9

I keep getting a few NaN outputs from my neural network using Keras. I only get about one NaN per 10,000 results. Originally I had a relu activation layer feeding into the final softmax layer. This produced more NaN results. I changed the activation function for the last two dense layers in the constitutional network from relu to sigmoid. This made the problem better but I still get NaN. Any advice for how I can completely eliminate Nan?

model = Sequential()
model.add(InputLayer((1, IMG_H, IMG_W)))

model.add(Convolution2D(32, 3, 3, activation = 'relu'))
model.add(Convolution2D(32, 3, 3, activation = 'relu'))
model.add(MaxPooling2D(pool_size = (2, 2)))

model.add(Dropout(0.3))

model.add(Convolution2D(64, 3, 3, activation = 'relu'))
model.add(Convolution2D(64, 3, 3, activation = 'relu'))
model.add(MaxPooling2D(pool_size = (2, 2)))

model.add(Dropout(0.3))

model.add(Flatten())
model.add(Dense(256, activation = 'sigmoid'))
model.add(Dropout(0.3))
model.add(Dense(64, activation = 'sigmoid'))
model.add(Dropout(0.3))
model.add(Dense(categories, activation = 'softmax'))
chasep255
  • 11,745
  • 8
  • 58
  • 115
  • 5
    NaNs in your output/losses are always a very bad sign. Did you preprocess / normalize your input? Is your learning-rate small enough? NaNs should never occur if data is preprocessed correctly. [This](http://cs231n.github.io/neural-networks-2/) might help. – sascha May 10 '16 at 16:52
  • I normalized my input between 1 and 0. I used a small learning rate of between 0.01 and 0.001. Right now I am adding weight regularization to see if that helps. – chasep255 May 10 '16 at 16:53
  • Normalizing between 0-1 is not necessarily what you want. This sounds like MinMax-scaler in sklearn. You want normalizing the mean and variances aka StandardScaler in sklearn.

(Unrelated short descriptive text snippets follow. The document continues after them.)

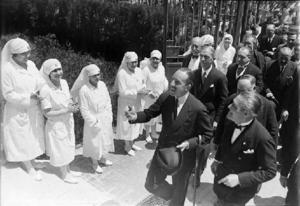 Visita del rei Alfons XIII a la Quinta de Salut L'Aliança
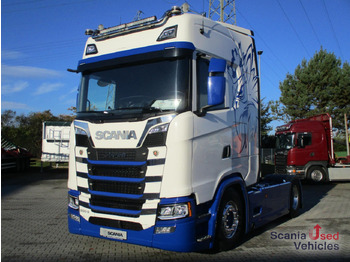 وحدة جر SCANIA S 500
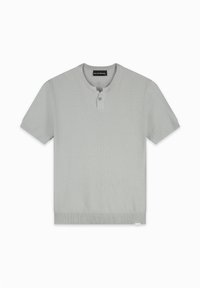 Lichtgrijs, kortom mouw gebreid shirt met een ronde hals, voorzien van een knoopsluiting. Geribbelde details aan de onderrand en manchet.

This is very important when using SGD-based algorithms! In your case the mean will be >> 0.0 and i think you didn't change the variance. – sascha May 10 '16 at 16:54
  • 7
    I dug through my dataset of 80k images after I realized the NaNs were always coming from the same images. Turns out those images were solid black which is an error on part of the data provider. When I tried to normalize them this made it blow up. – chasep255 May 11 '16 at 00:06
  • 1
    Looks like you've solved the problem, but for future reference there is a [nice question](https://stackoverflow.com/a/33980220/1397061) which among other things recommends checking whether you have nan inputs. – 1'' May 15 '16 at 21:59
  • 1
    If you post an answer to your question and accept it, it will stop showing up as unanswered in search. – Viktoriya Malyasova Jul 16 '20 at 18:25

0 Answers0